Dir-se-ia que a missão de João de Almada, ou sugerida pelo ministro, seu parente, cauterizado pelo secreto remorso (se em tal homem era possível tal sentir) ou nascido nele mesmo, era a de tentar fazer esquecer por meio de grandes renovações citadinas, embelezamentos e comodidades, o sentimento de abominação que a população portuense decerto votava, e por justos motivos, ao Déspota.
O certo é que, durante os vinte e cinco anos em que João de Almada superintendente nos assuntos mais importantes, a cidade do Porto assiste a esta ininterrupta série de transformações: (...).


O autor passa então a referir inúmeras obras promovidas, durante vinte e cinco anos, pelo Almada, pai, de que deixo este mordaz e actual parágrafo:

Em 1761, inicia-se o prolongamento da Rua das Hortas e procede-se à urbanização geométrica, de tipo pombalino, do arrabalde de Lamelas, abrindo-se, com patente sabedoria, a «rua nova» de Santa Catarina, cujo lançamento é, sem dúvida, muito mais digno de reparo e de valorização, que a rua a que se deu o nome «do Almada». O estudo atento (porque há também o estudo a dormir) dessa rua, tão acertadamente nivelada e perspectivada, bem poderia ser objecto de um curso, não diremos de uma Escola de Arquitectura, porque isso é óbvio, mas de um curso de férias de candidatos a presidentes de câmaras...»

Gourmet de províncias
Não tenho nada contra o castelhano, mas a sonoridade do galego é-me mais agradável.
Saudações para ti e para o teu cão gastrónomo.
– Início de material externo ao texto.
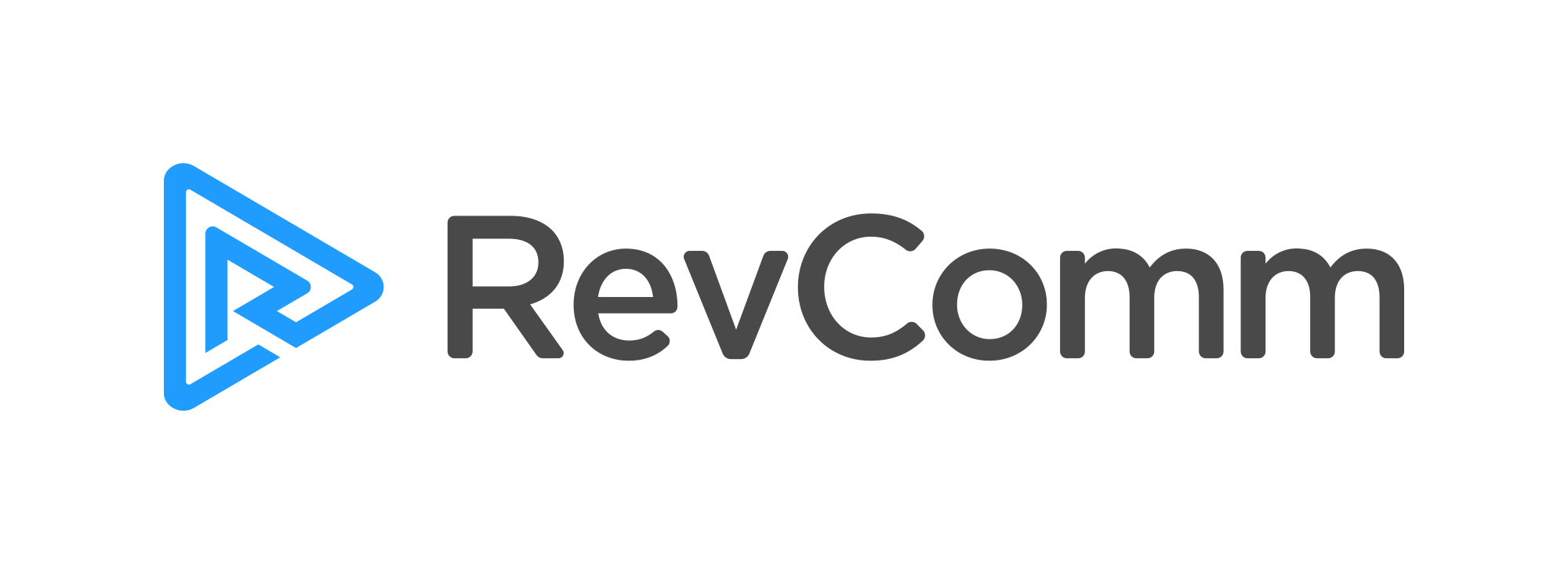 RevComm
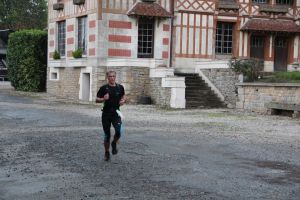 IMG_4274.jpg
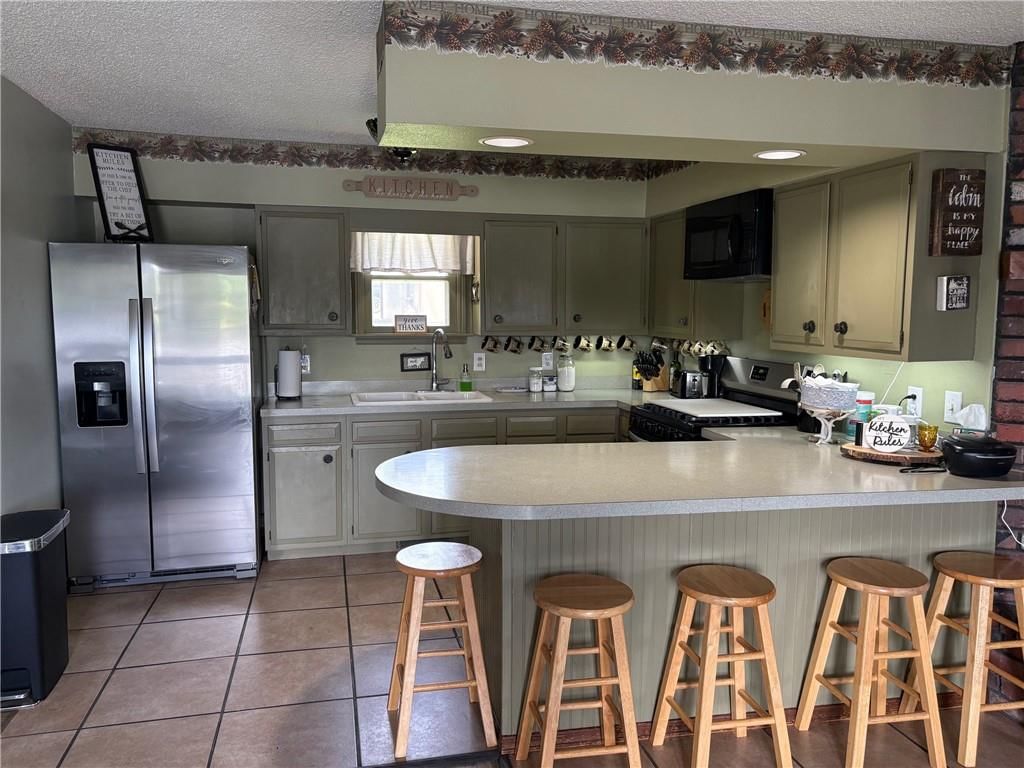 29 N Havana Lake Road — photo 12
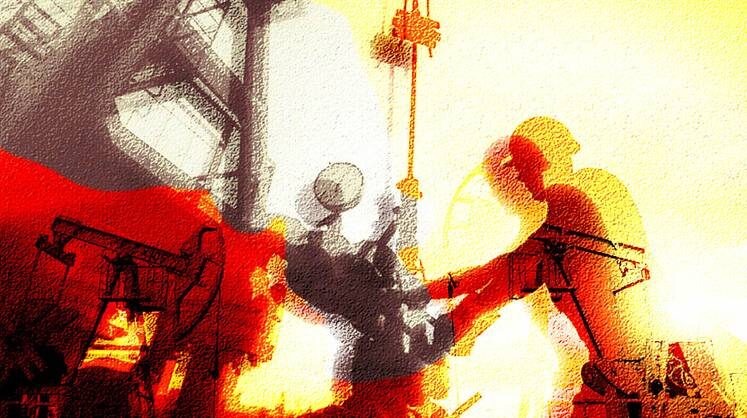    Коллаж: Тамара Ларина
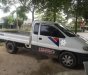 Hyundai Libero 2005 - Bán xe Hyundai Libero đời 2005, màu trắng như mới giá cạnh tranh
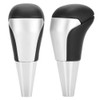 Gear Shift Knob Handball Automatic Shift Lever PC466-0K004 Fit for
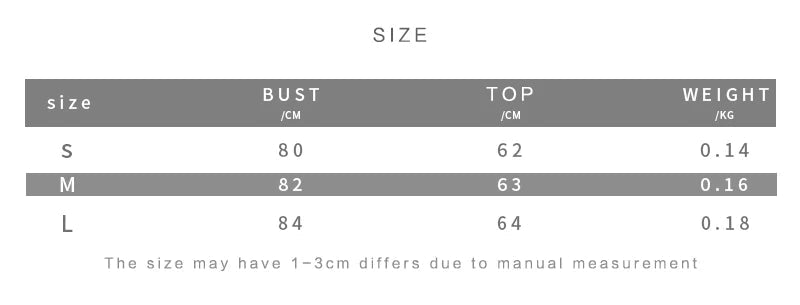 Nibber Fashion Sweet Style Shirring Two Piece Set Women Appliques Bow Backless Patchwork Camisole+Puffy Skirts Y2K Streetwear Aviola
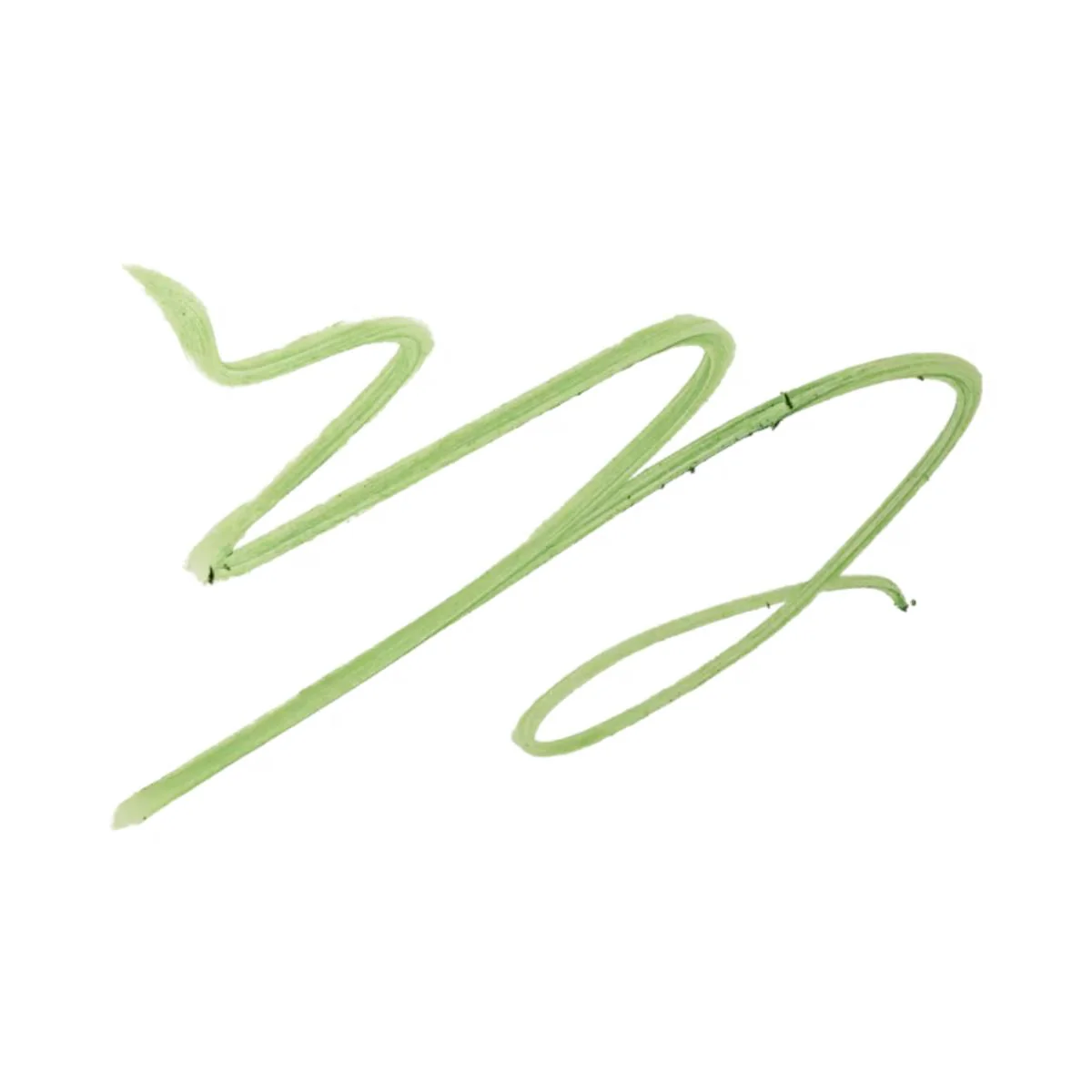 M·A·C Colour Excess Gel Pencil Eye Liner - Image 29
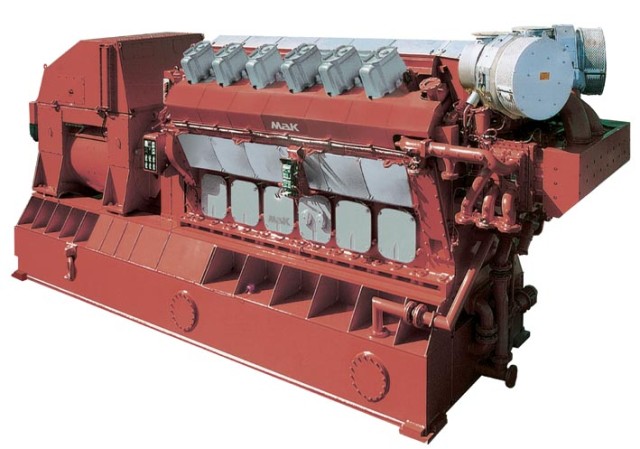 big Genset.jpg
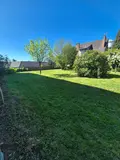 Propriete a vendre Aigurande 36140 Indre 36 338 m2 12 pièces 338000 euros CG/438 076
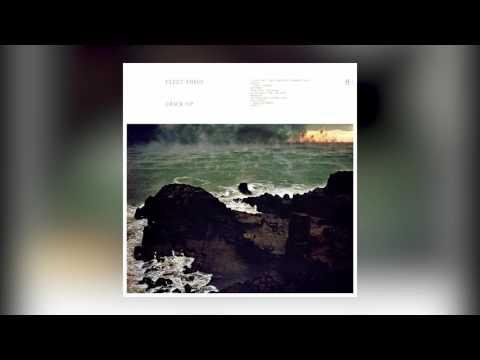 Video thumbnail for Cassius, –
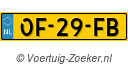 OF-29-FB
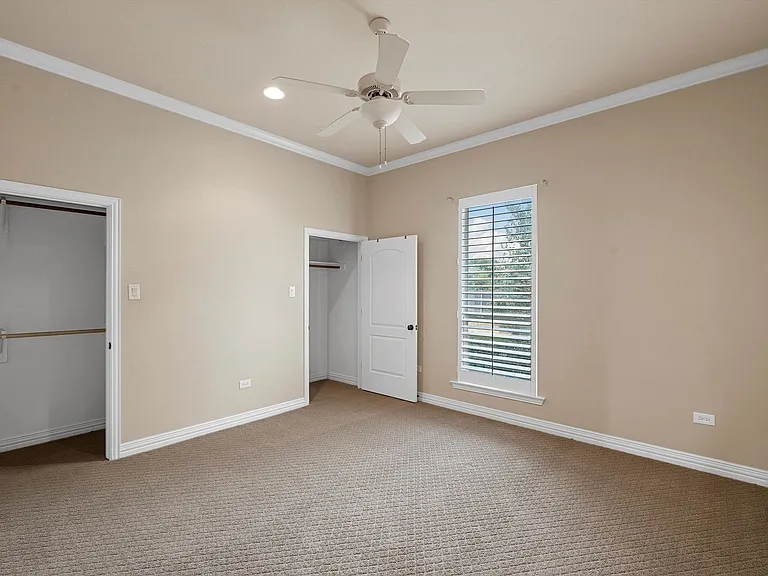 7030 Flagstone Cir — Photo 29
isabel mendes ferreira disse...

oláaaaaaaaaaaaaaaaaaaaaaaaaaaa
beijo.

Giacomo disse...

Olá.
Fui a Portugal.
Não tive como ir ao Porto.
Acompanhando teu Blog, vi que bobagem eu fiz. Deveria ter brigado mais com a operadora turística.
Fica para a próxima viagem.
Mas vou te acompanhar.
Fiz um link no meu Blog para cá.
Abs.//

Miguel disse...

Este blog é sem qualquer tipo de dúvida, uma das melhores coisas que nos últimos anos aconteceu à minha cidade do Porto. À falta de grandes progressos na cidade, nada como "ouvirmos" as suas histórias e (re) descobrirmos os angulos que o Carlos nos proporciona. Servico público de tripeirismo!